══ Data for processing ══

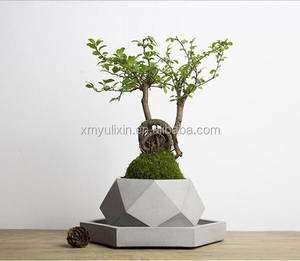 Stampo in <span class=keywords><strong>Silicone</strong></span> per Fioriera Quadrata/a Cuore Bianca Ecologica 11*5,5cm, Facile da Sformare, per Prodotti Domestici - Product Image 2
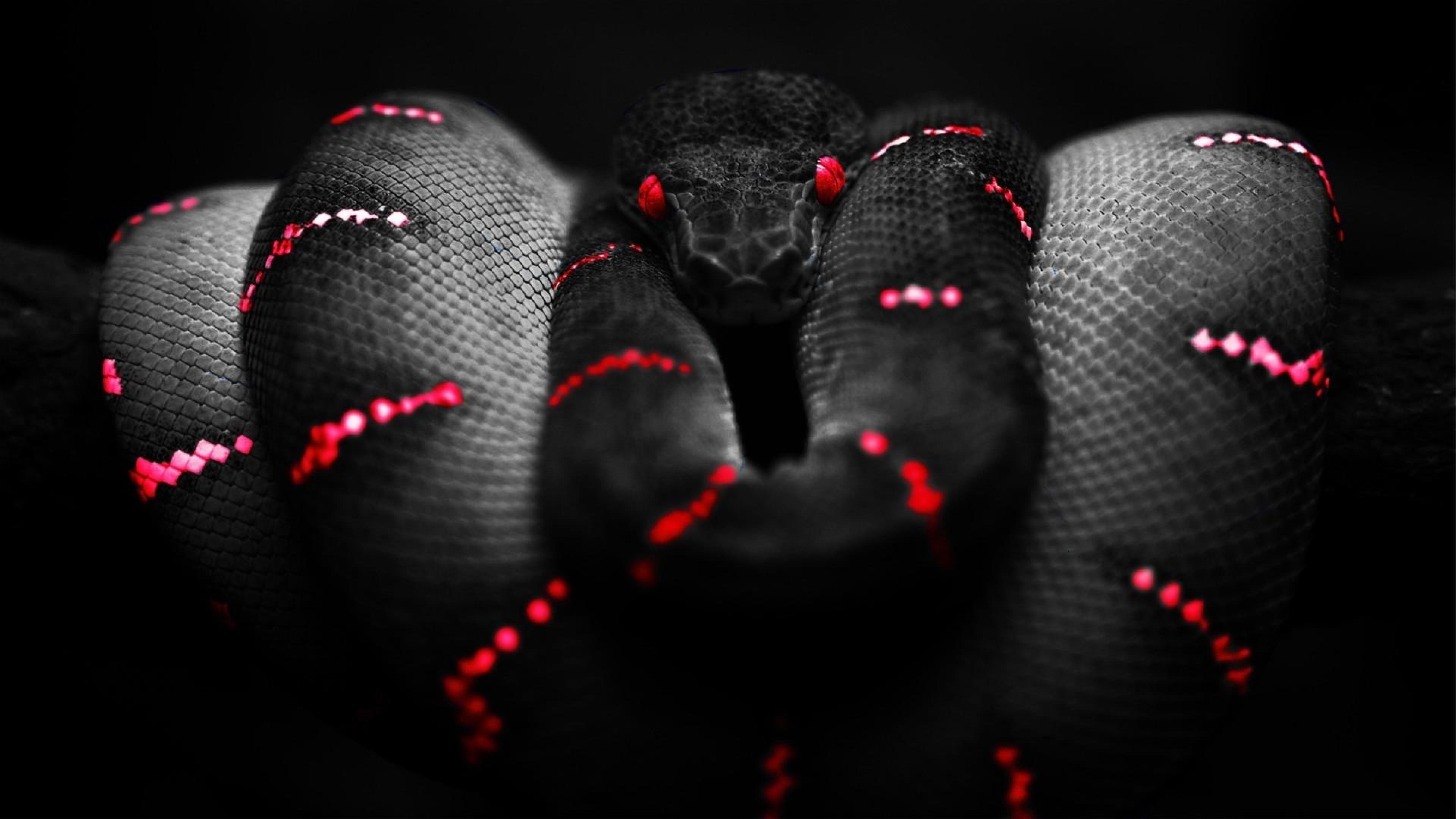 Boa Constrictor Wallpaper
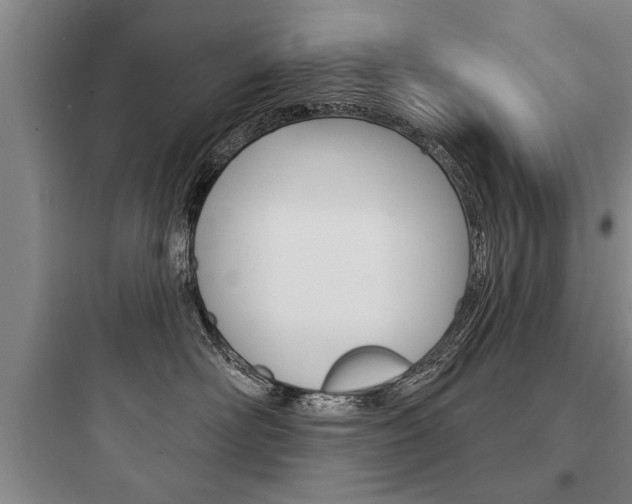 X0000097950526200803241022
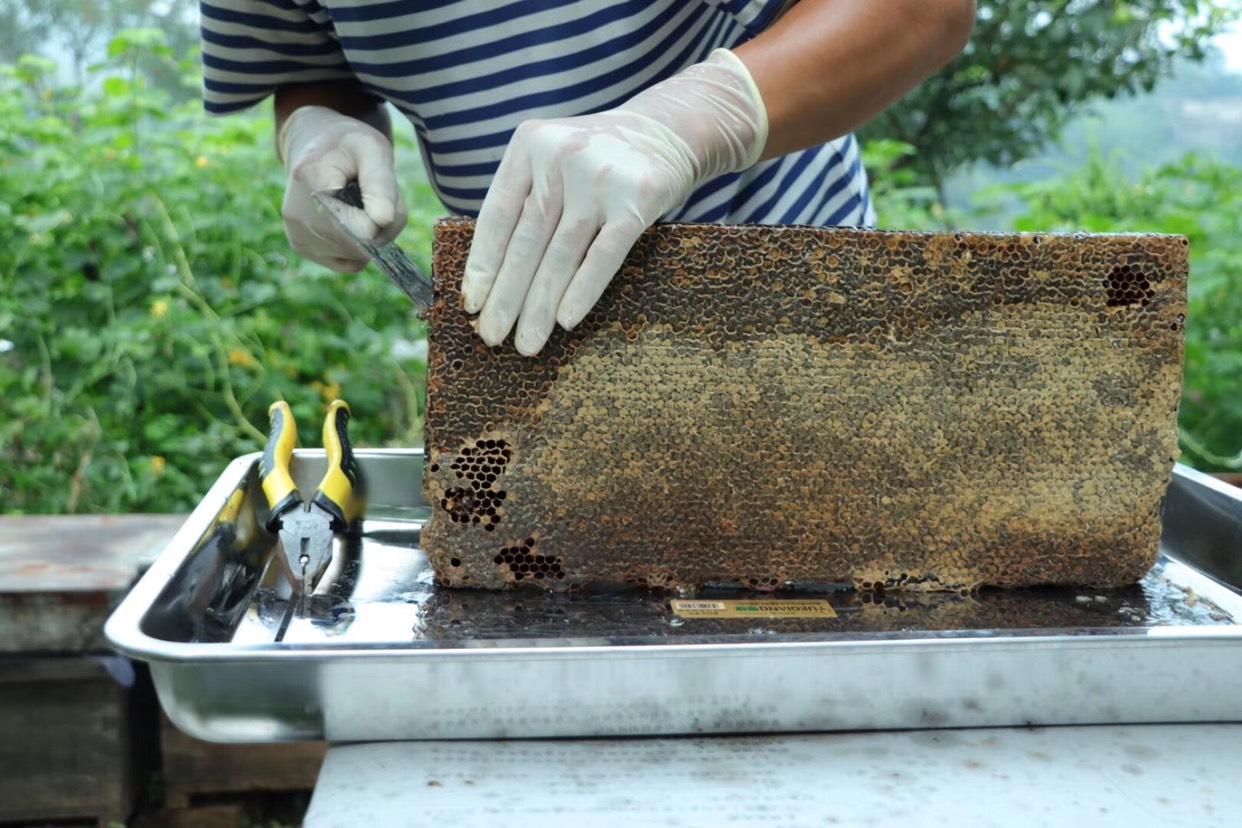 巢蜜  2年以上 盒装  老蜂巢蜜鼻炎咽炎克星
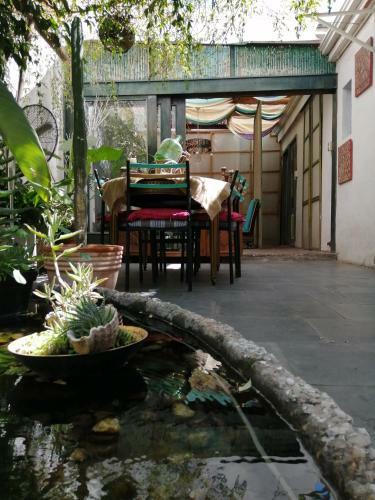 Albergue El Gallo Con Tacos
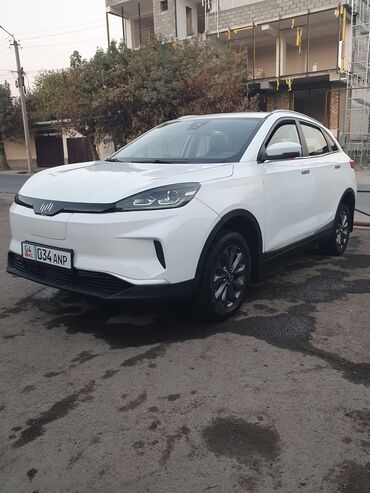 машина алам арзан: Weltmeister EX5, 2020 г., 150000 км, Алдыңкы, Бар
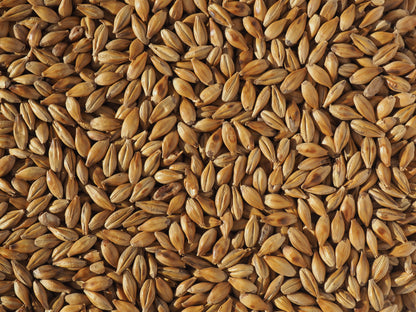 Cara malt for beer brewing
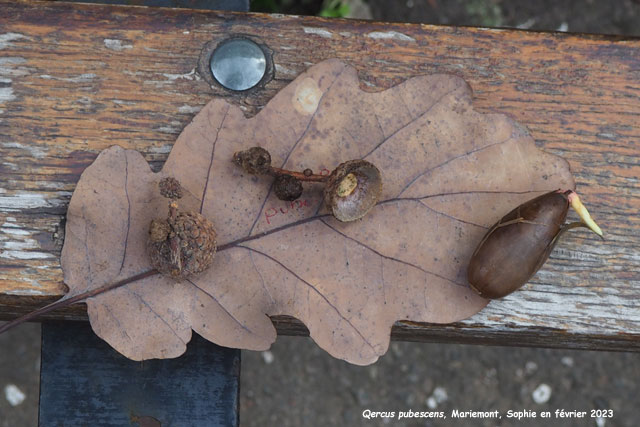 Quercus pubescens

═══

▶ _Directions for this task_:
Please copy, exactly as written, the lines from the one that contains "Albergue El Gallo Con Tacos" through the end of the records, both ends included. Do not include the pictures.

▶ _Exercise response_:
 Albergue El Gallo Con Tacos
 машина алам арзан: Weltmeister EX5, 2020 г., 150000 км, Алдыңкы, Бар
 Cara malt for beer brewing
 Quercus pubescens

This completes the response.